You have a quality standard — FQS. What is it, and why does it matter?
The FONASBA Quality Standard, launched in 2007 and currently being updated, is perhaps the federation’s most practical gift to the industry. “All we want is to make sure that our customers — owners, charterers, merchants — have certainty about the quality level of the people they are employing,” Carlini says.
It doesn’t set a ceiling for excellence. It establishes a floor. An FQS-certified agent meets a defined minimum standard of professionalism and operational competence. In an industry where a ship agent in a port you’ve never visited is trusted with your vessel and cargo, that baseline matters enormously.
“Otherwise, this agent is not an FQS certified agent. That is the sense.”
Does a smaller member country feel as heard as a large one?
Carlini’s answer here is quietly principled. Within FONASBA’s council, voting is one country, one vote — regardless of fleet size, trade volume, or economic weight. “You may be the USA, you may be China, you may be Hungary — a landlocked country — and you still have one vote.”
The federation is now working on how to extend representation to company members in countries that lack national associations. But the philosophical underpinning remains unchanged.
“In shipping, it’s an international world,” Carlini says. “You can’t just bail out the others because you’re bigger. At the end of the day, even the smallest country can count. Many countries, you learn a lot from the smaller than from the bigger.”
What brings you to India — and what excites you about this market?
Carlini’s enthusiasm here is genuine, even if he cheerfully admits some geographic ignorance at first. “India is in this moment the country in the world with the biggest population — and that’s already a good reason.” He learns mid-conversation that India’s coastline stretches over 11,000 kilometres. “I come from Italy and we think we have a very long one — with about four thousand kilometres. So this tells you a lot.”
Beyond geography, it’s the trajectory that matters. “India is growing. Shipping is becoming more and more important here — I was seeing people trying to find ships to move cargo between Indian ports because it’s cheaper, faster, and more secure than rail or truck.”
What FONASBA sees in India is a knowledge exchange, not a transactional relationship. “India can give a good contribution to FONASBA — not in terms of money, but in terms of knowledge. The world needs to know what India is doing and India needs to know what the world is doing. That is the equation.”
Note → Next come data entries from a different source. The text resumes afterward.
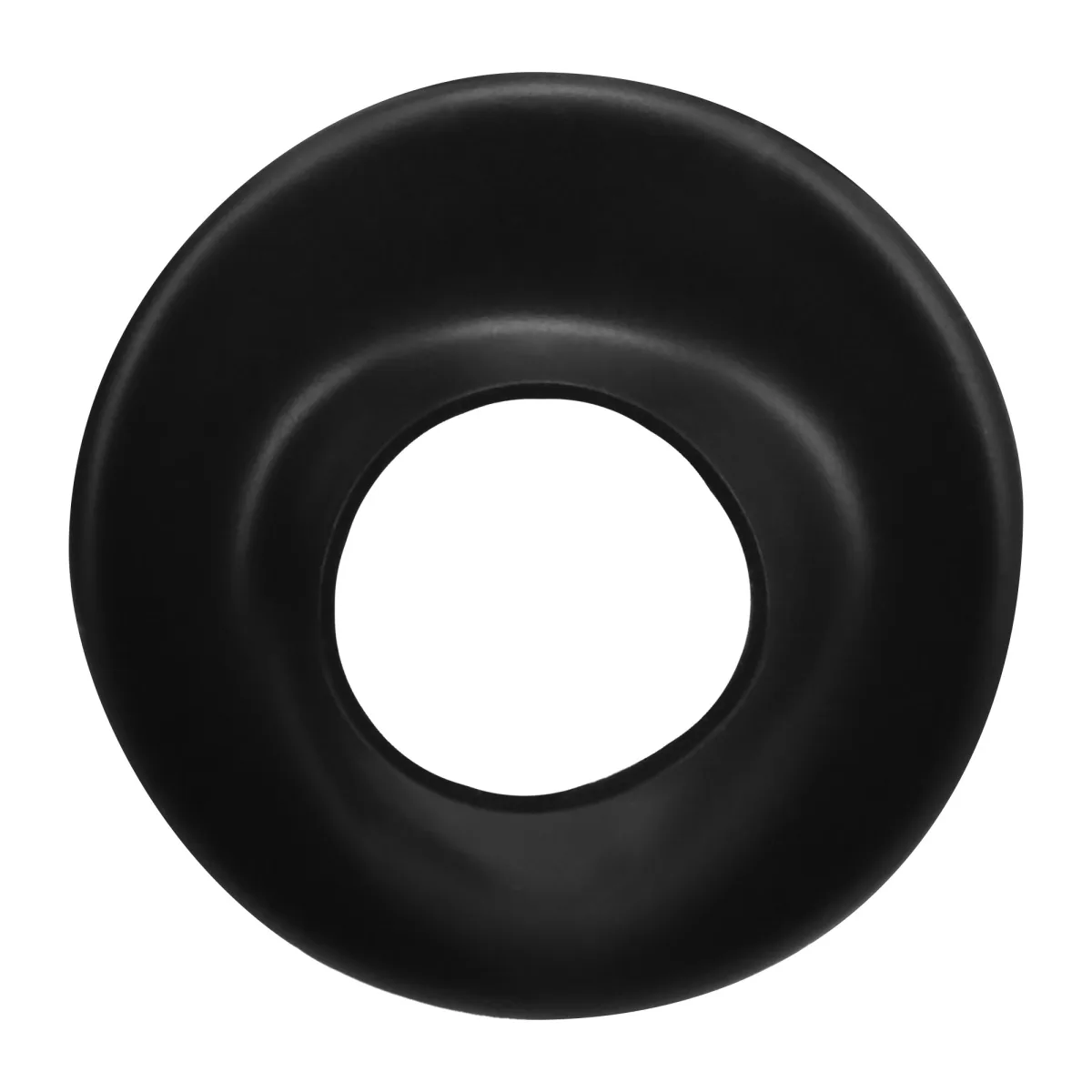 Rock Solid - Penis Pumping Kit - Black/clear manual penis pump - alternate angle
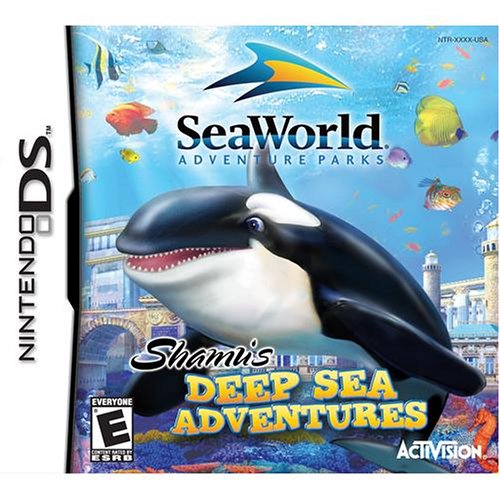 SEAWORLD ADVENTURE PARKS SHAMU'S DEEP SEA ADVENTURE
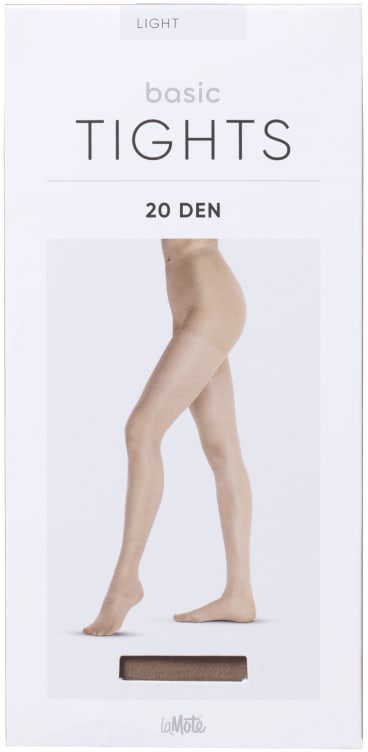 Bilde av Tights Basic 20 Den 36-44 Nude Pierre Robert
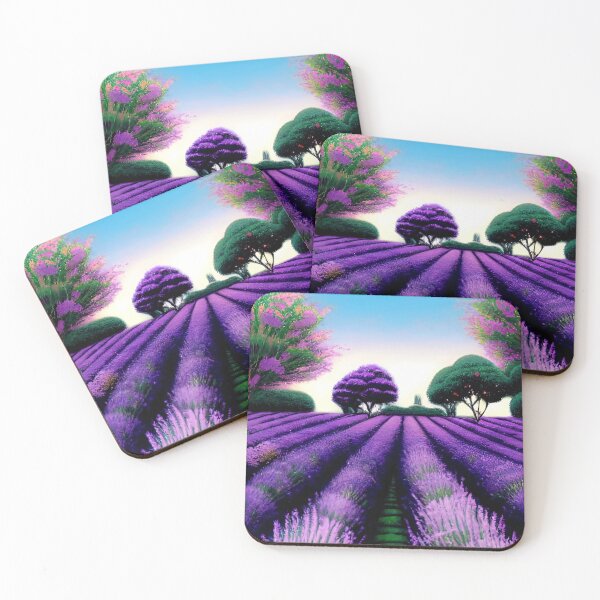 Item preview, lavender field designed and sold by OverAltruist.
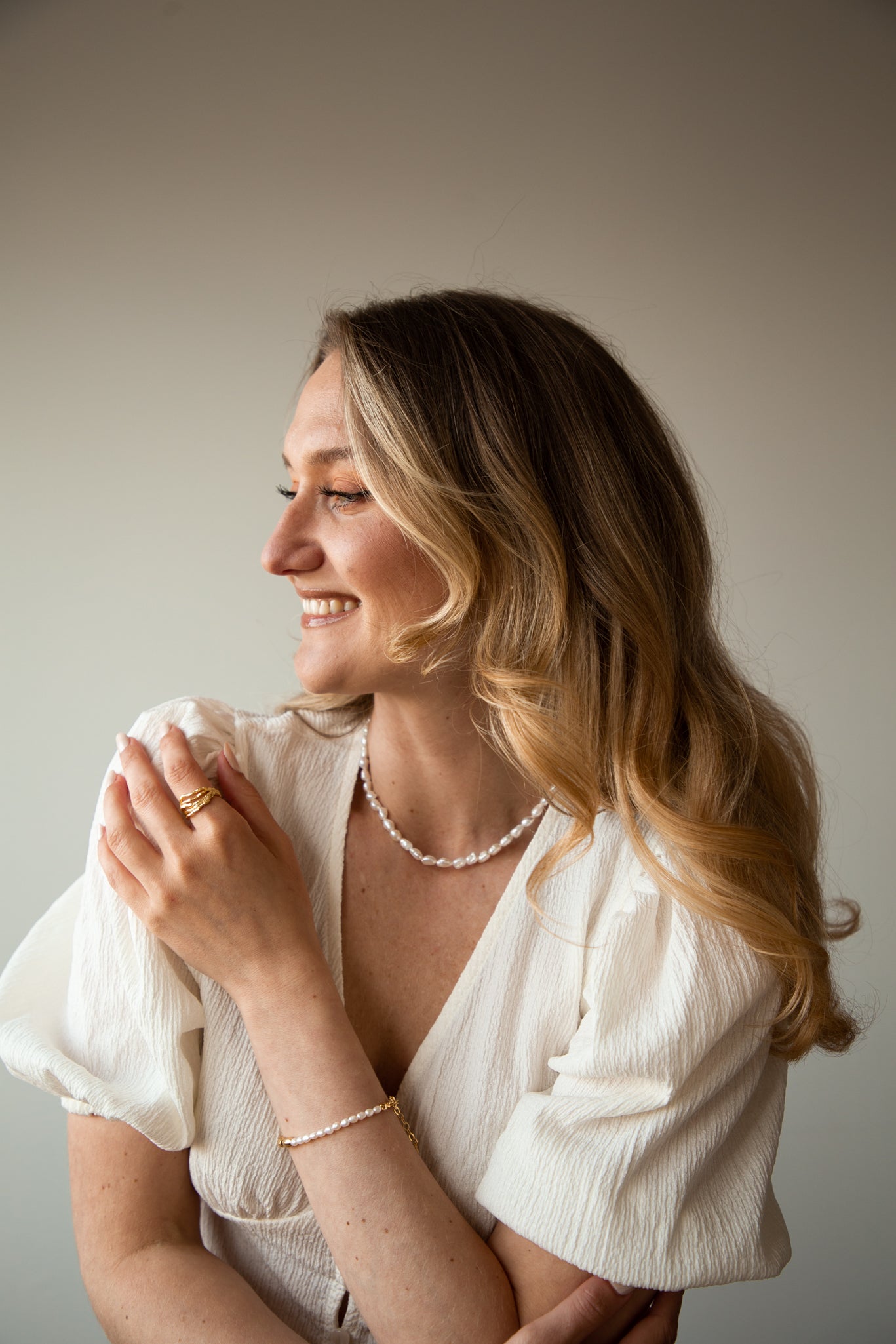 Maratea Pearl Handmade Necklace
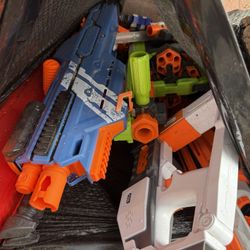 Nerf Guns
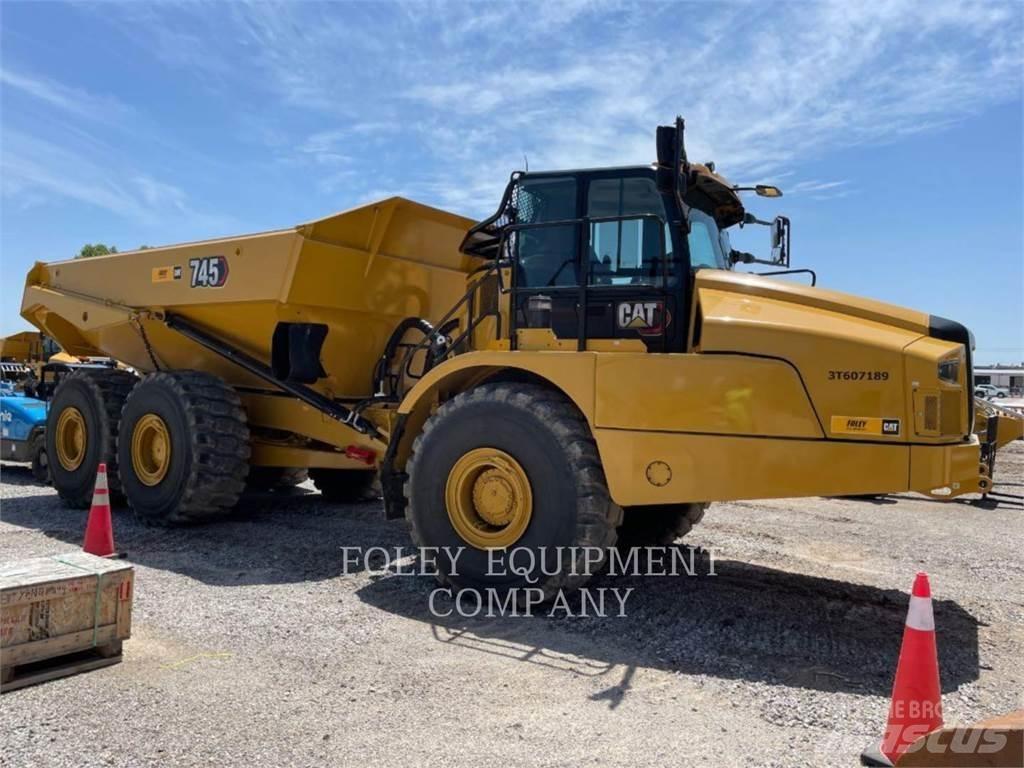 CAT 745-04 Dumper - Knickgelenk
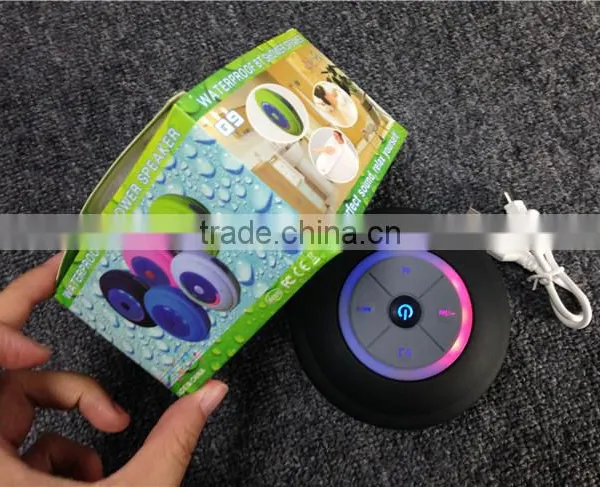 2015 Latest Waterproof Bluetooth Speaker Mini Portable Wireless Speaker photo-5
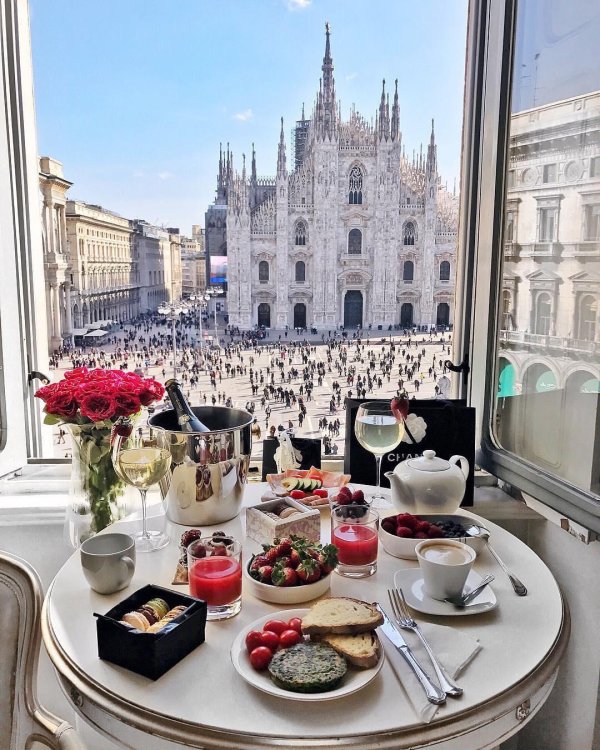 парижское утро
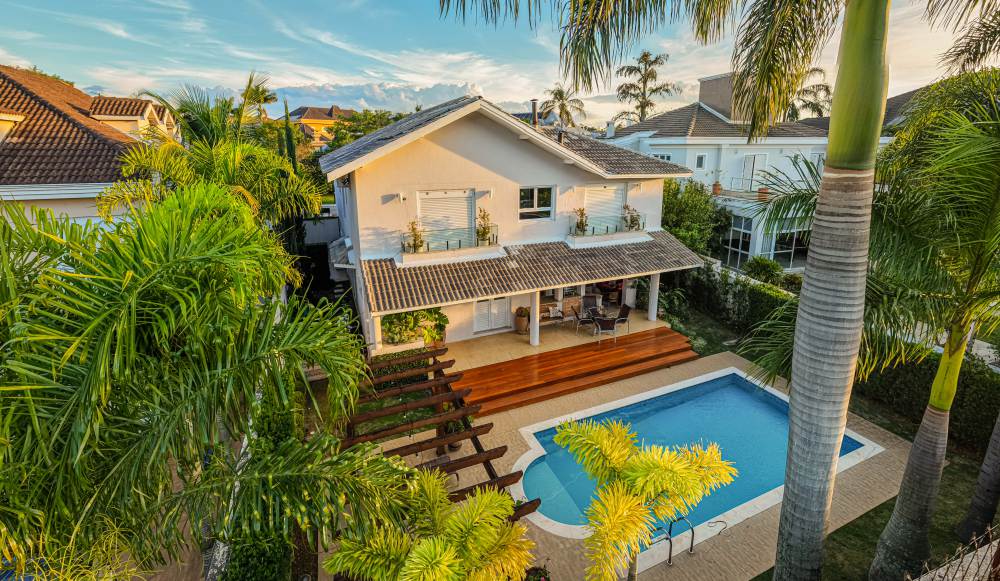 Casa em Condomínio Alphaville Santana de  Parnaiba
What is your advice to Indian ship brokers?
Carlini pauses, then speaks with the conviction of someone who has lived this profession for decades.
“Never give up.”
He continues: “We ship brokers all work for the same commission. There are no brokers who are cheaper or more expensive. But there are brokers with better knowledge of the market, a wider knowledge of shipowners. And I can tell you — people are not choosing us because of money. They are choosing us because they know us.”
This brings him to something more personal and emphatic — a defence of relationship-driven commerce in an era of digital everything.
“Ship broking, like ship agency, is still a profession where networking counts. I like to know the face of the other one. Even on Teams or Zoom — it’s not the same. It’s just not the same. That’s a feeling. And this is why we’re here.”
He gestures at the room. “Here, and not on Teams.”
Finally — what are FONASBA’s priorities for the next few years?
Carlini laughs. “Thanks to God, I will only be there for another year and a half — so I can’t say much about three to five years.” But his answer, even in jest, reveals his focus.
“We need to be in stronger connection with our members — members of our members. We need to give them something in exchange for their confidence in us.”
Javier adds the strategic dimension: “Visibility. If you have visibility, your voice is going to be heard — at a higher level.”
And it’s here, perhaps, that the Mumbai visit becomes most meaningful. When asked whether Maritime Gateway heard of FONASBA before this meeting, this interviewer had to admit — despite nearly two decades covering Indian shipping — that the answer was no.
Carlini doesn’t flinch. “This tells you a lot,” he says simply. “We need to be known.”